§ Aim of the task: Reproduce the entire listing exactly as written, apart from its pictures.
►
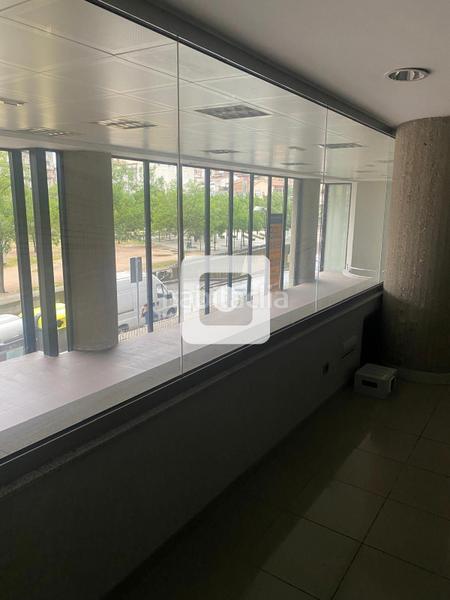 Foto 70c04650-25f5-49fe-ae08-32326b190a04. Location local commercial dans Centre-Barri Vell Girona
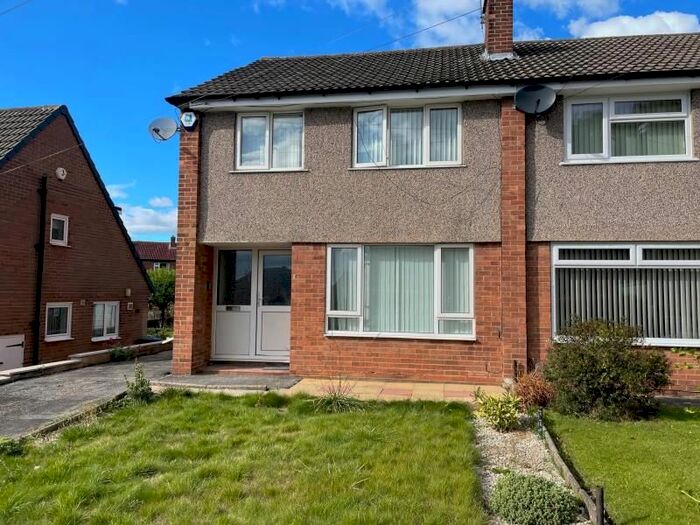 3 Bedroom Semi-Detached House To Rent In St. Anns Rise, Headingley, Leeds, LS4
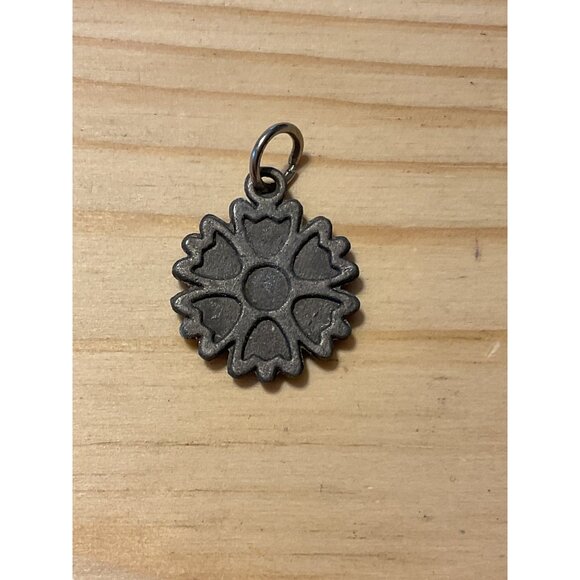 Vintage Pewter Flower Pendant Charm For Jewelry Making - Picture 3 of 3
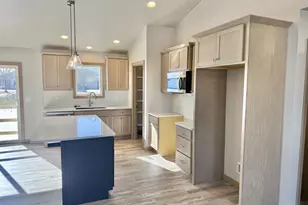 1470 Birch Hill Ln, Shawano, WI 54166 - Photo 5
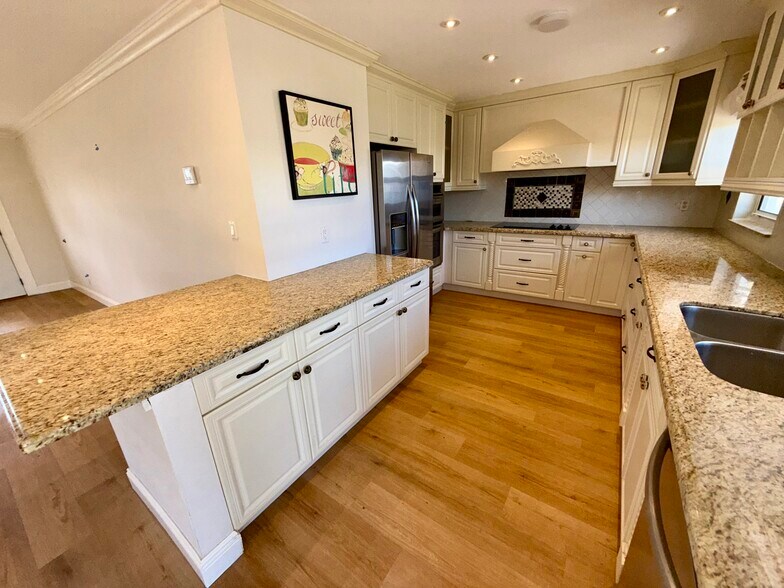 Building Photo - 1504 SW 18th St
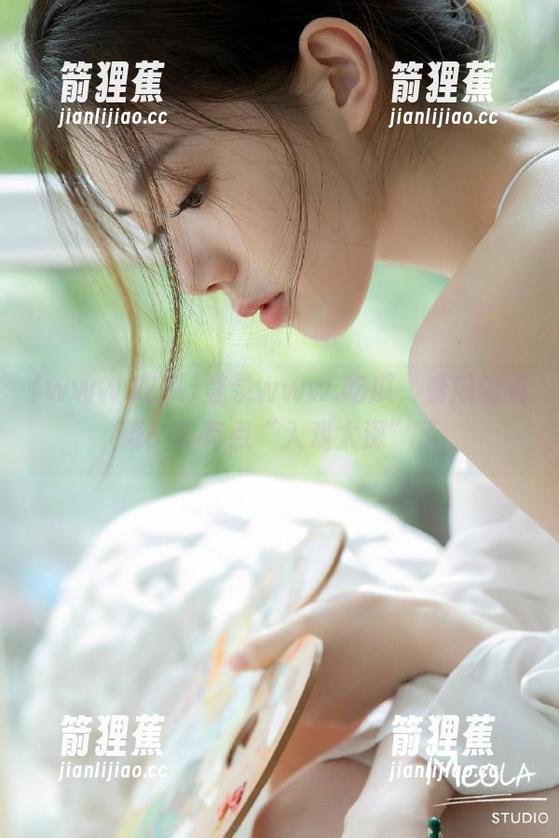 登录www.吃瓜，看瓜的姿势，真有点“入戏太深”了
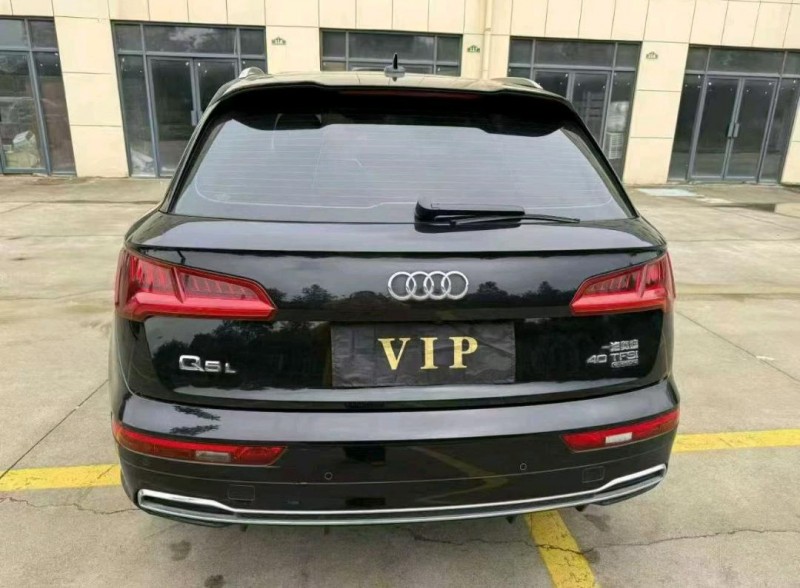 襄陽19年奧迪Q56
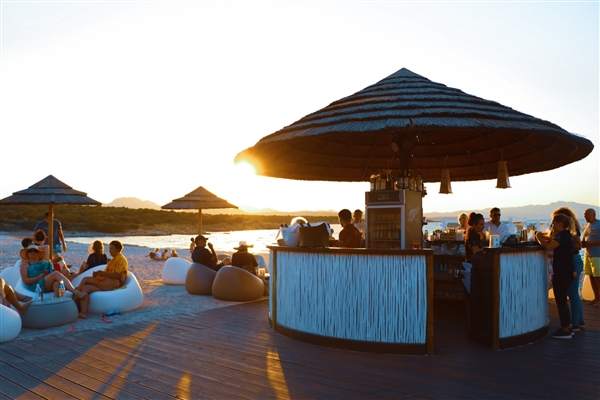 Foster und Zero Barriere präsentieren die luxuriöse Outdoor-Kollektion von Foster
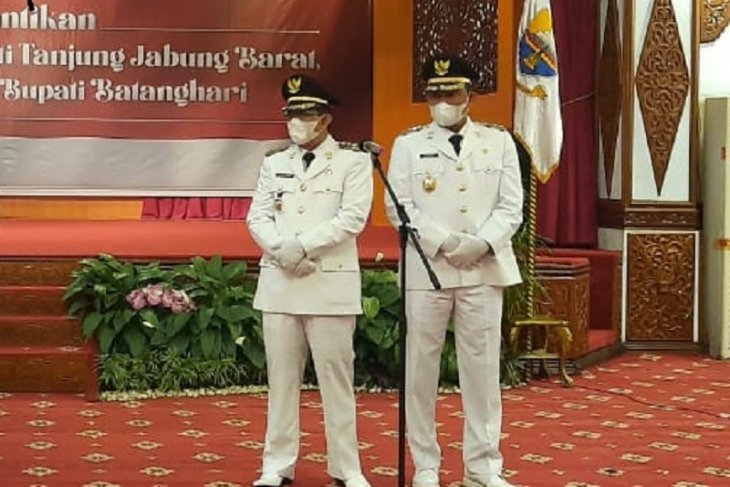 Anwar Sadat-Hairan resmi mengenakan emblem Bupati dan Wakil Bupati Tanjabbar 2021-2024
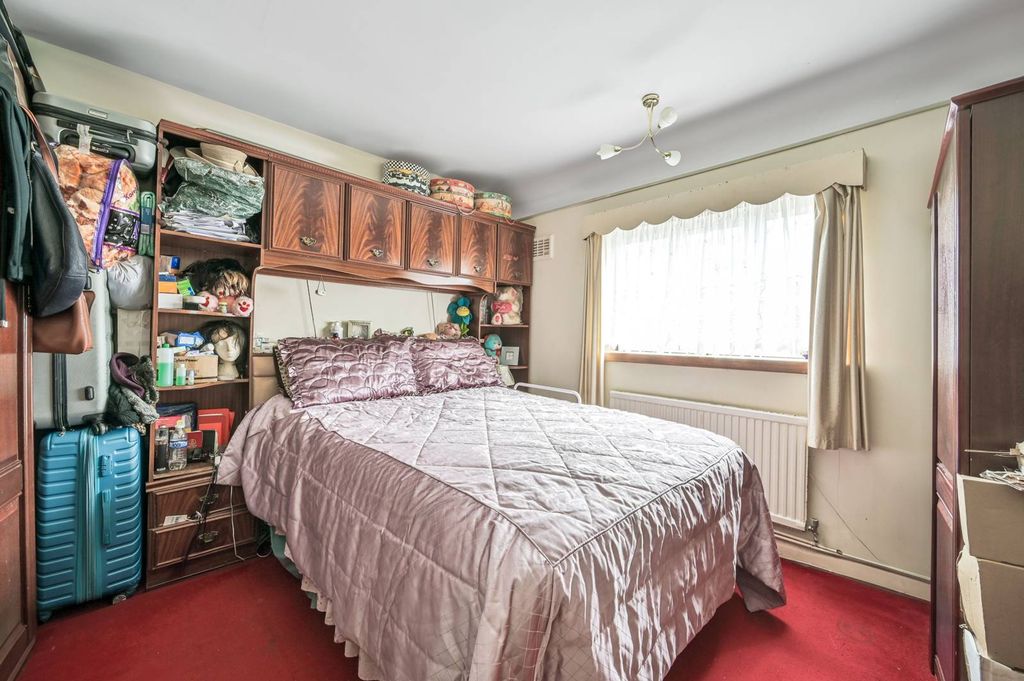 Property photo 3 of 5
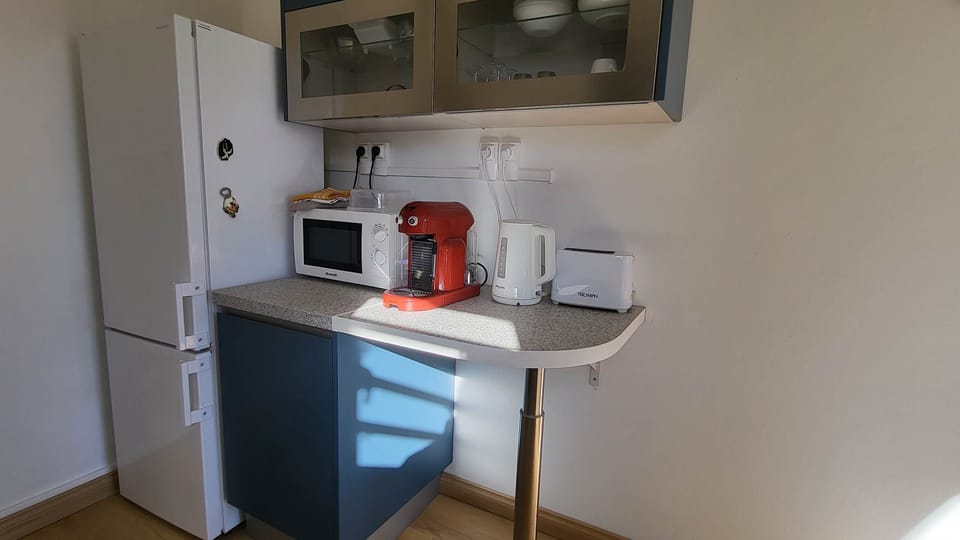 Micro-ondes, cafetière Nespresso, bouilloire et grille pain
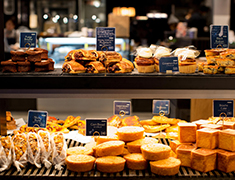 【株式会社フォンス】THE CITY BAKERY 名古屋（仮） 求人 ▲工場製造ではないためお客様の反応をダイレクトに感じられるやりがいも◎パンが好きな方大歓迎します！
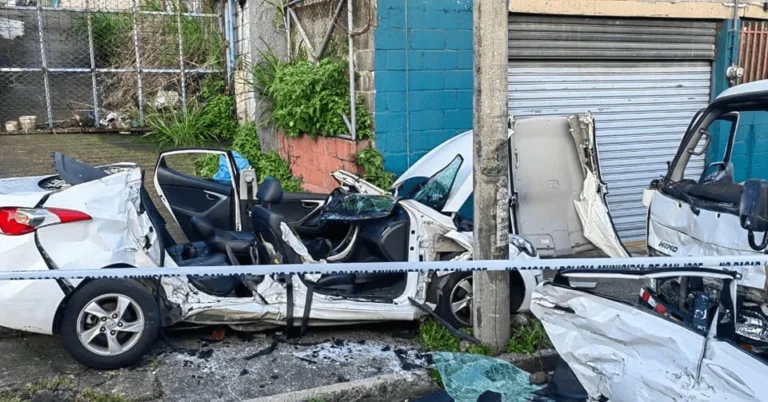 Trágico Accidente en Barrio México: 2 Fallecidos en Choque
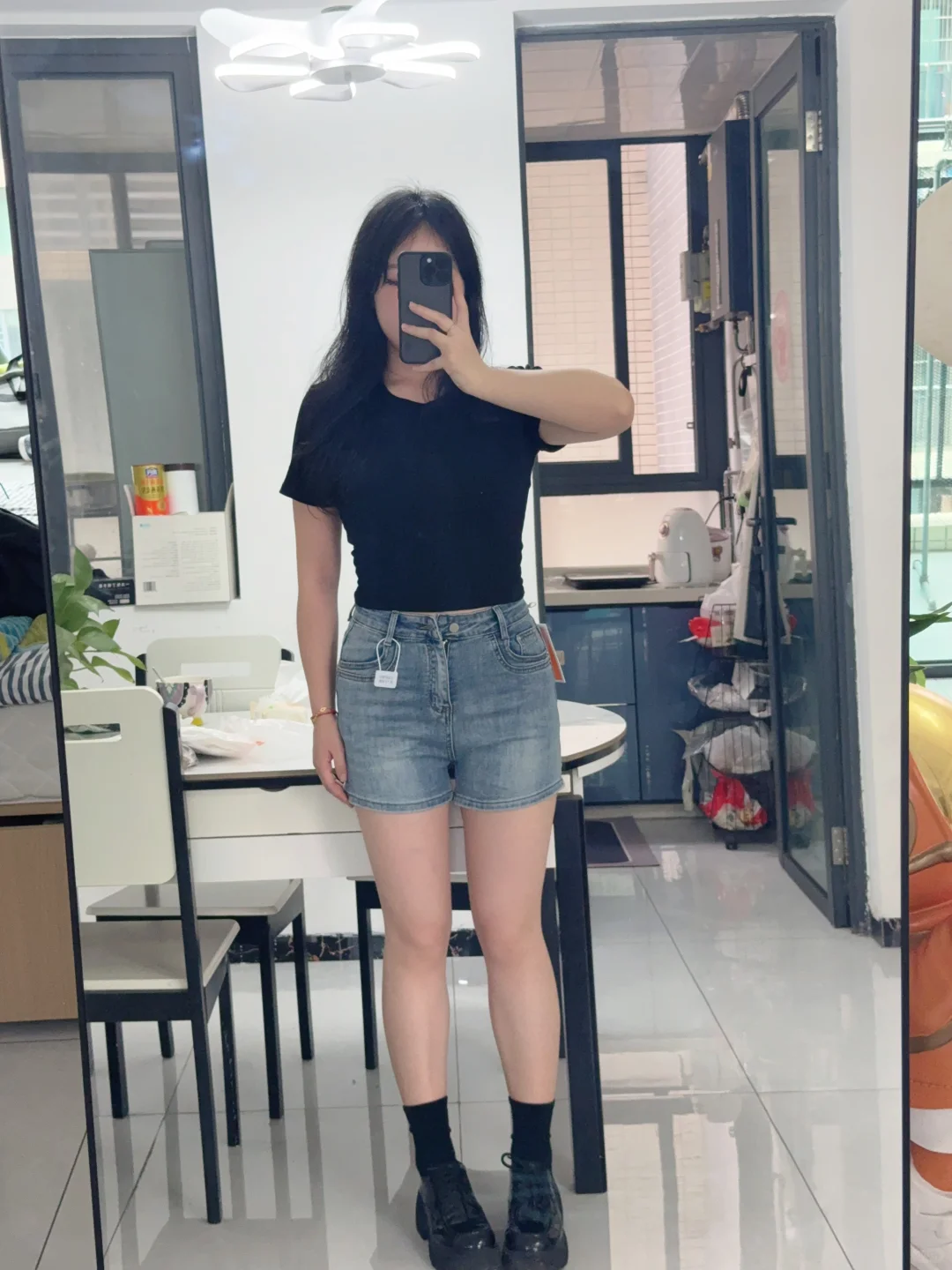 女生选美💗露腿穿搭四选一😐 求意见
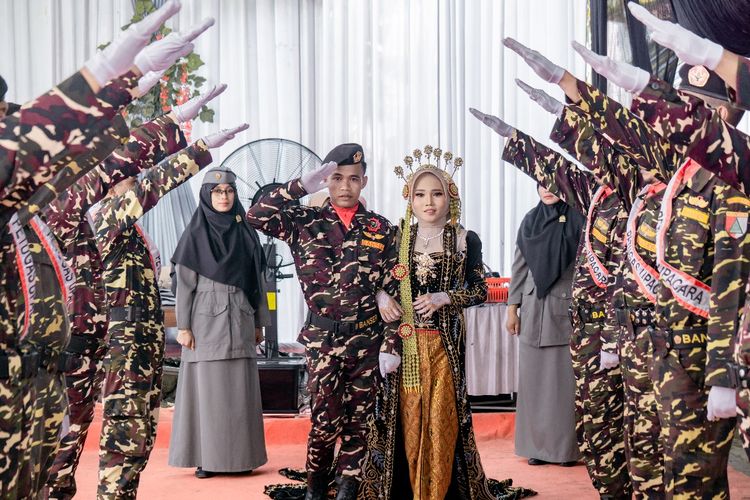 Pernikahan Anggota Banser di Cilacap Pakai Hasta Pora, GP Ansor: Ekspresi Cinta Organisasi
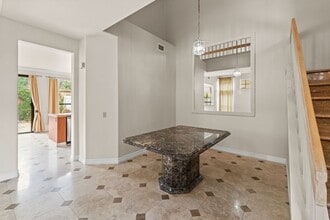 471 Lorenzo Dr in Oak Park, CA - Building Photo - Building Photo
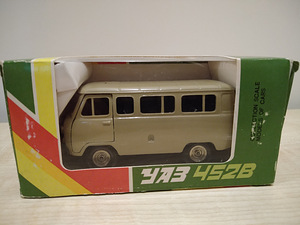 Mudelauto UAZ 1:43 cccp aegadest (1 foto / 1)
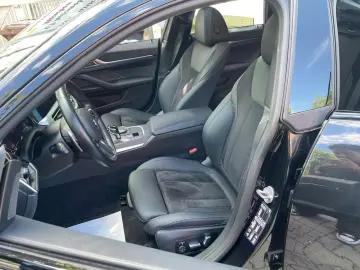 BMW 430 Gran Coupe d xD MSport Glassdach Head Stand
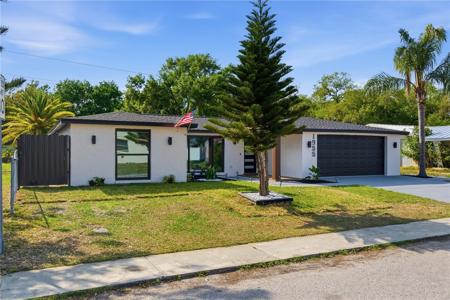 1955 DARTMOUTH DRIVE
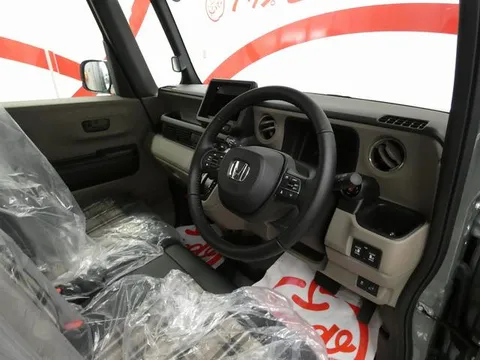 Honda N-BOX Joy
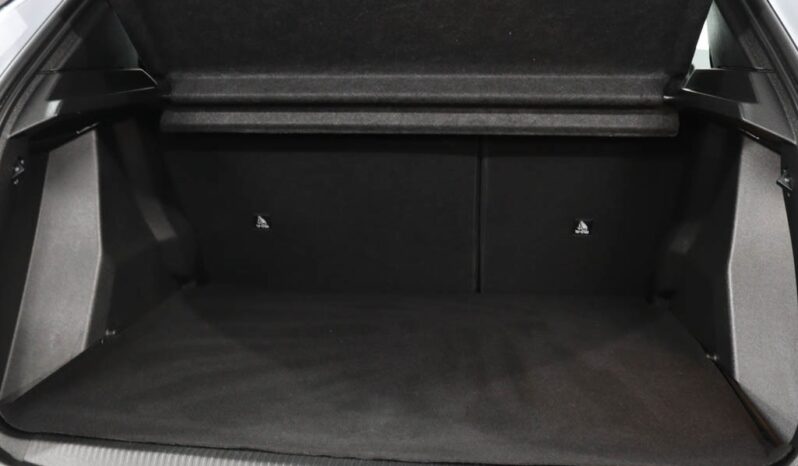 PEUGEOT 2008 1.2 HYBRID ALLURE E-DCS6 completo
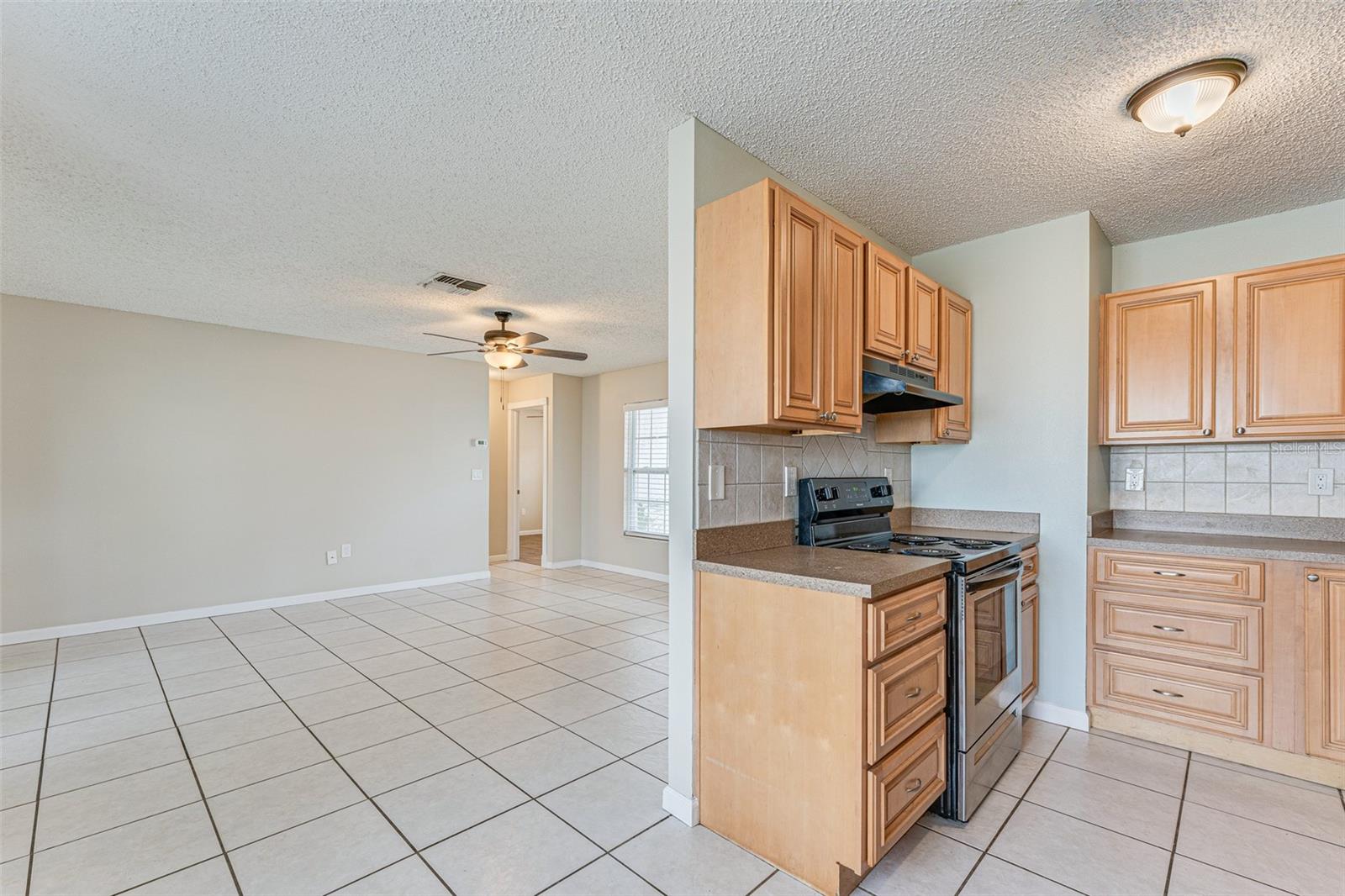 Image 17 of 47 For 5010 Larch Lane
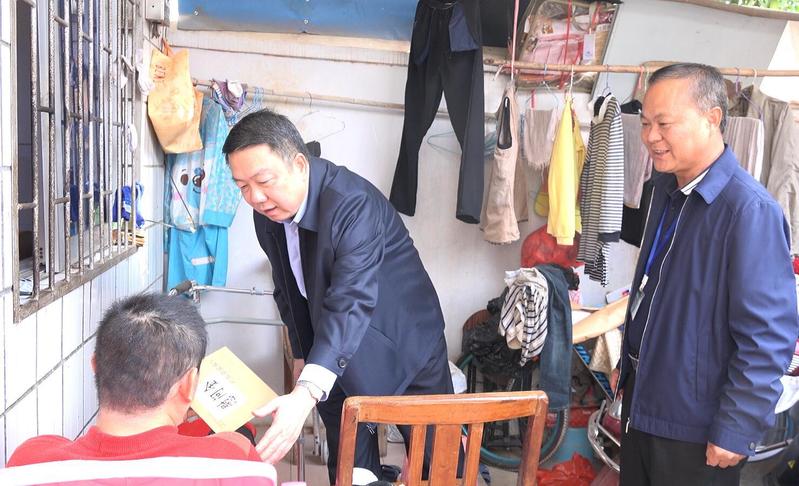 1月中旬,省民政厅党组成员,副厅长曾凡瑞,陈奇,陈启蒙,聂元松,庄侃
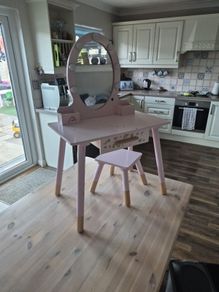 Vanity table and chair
◄
§ Answer to the problem:
 Foto 70c04650-25f5-49fe-ae08-32326b190a04. Location local commercial dans Centre-Barri Vell Girona
 3 Bedroom Semi-Detached House To Rent In St. Anns Rise, Headingley, Leeds, LS4
 Vintage Pewter Flower Pendant Charm For Jewelry Making - Picture 3 of 3
 1470 Birch Hill Ln, Shawano, WI 54166 - Photo 5
 Building Photo - 1504 SW 18th St
 登录www.吃瓜，看瓜的姿势，真有点“入戏太深”了
 襄陽19年奧迪Q56
 Foster und Zero Barriere präsentieren die luxuriöse Outdoor-Kollektion von Foster
 Anwar Sadat-Hairan resmi mengenakan emblem Bupati dan Wakil Bupati Tanjabbar 2021-2024
 Property photo 3 of 5
 Micro-ondes, cafetière Nespresso, bouilloire et grille pain
 【株式会社フォンス】THE CITY BAKERY 名古屋（仮） 求人 ▲工場製造ではないためお客様の反応をダイレクトに感じられるやりがいも◎パンが好きな方大歓迎します！
 Trágico Accidente en Barrio México: 2 Fallecidos en Choque
 女生选美💗露腿穿搭四选一😐 求意见
 Pernikahan Anggota Banser di Cilacap Pakai Hasta Pora, GP Ansor: Ekspresi Cinta Organisasi
 471 Lorenzo Dr in Oak Park, CA - Building Photo - Building Photo
 Mudelauto UAZ 1:43 cccp aegadest (1 foto / 1)
 BMW 430 Gran Coupe d xD MSport Glassdach Head Stand
 1955 DARTMOUTH DRIVE
 Honda N-BOX Joy
 PEUGEOT 2008 1.2 HYBRID ALLURE E-DCS6 completo
 Image 17 of 47 For 5010 Larch Lane
 1月中旬,省民政厅党组成员,副厅长曾凡瑞,陈奇,陈启蒙,聂元松,庄侃
 Vanity table and chair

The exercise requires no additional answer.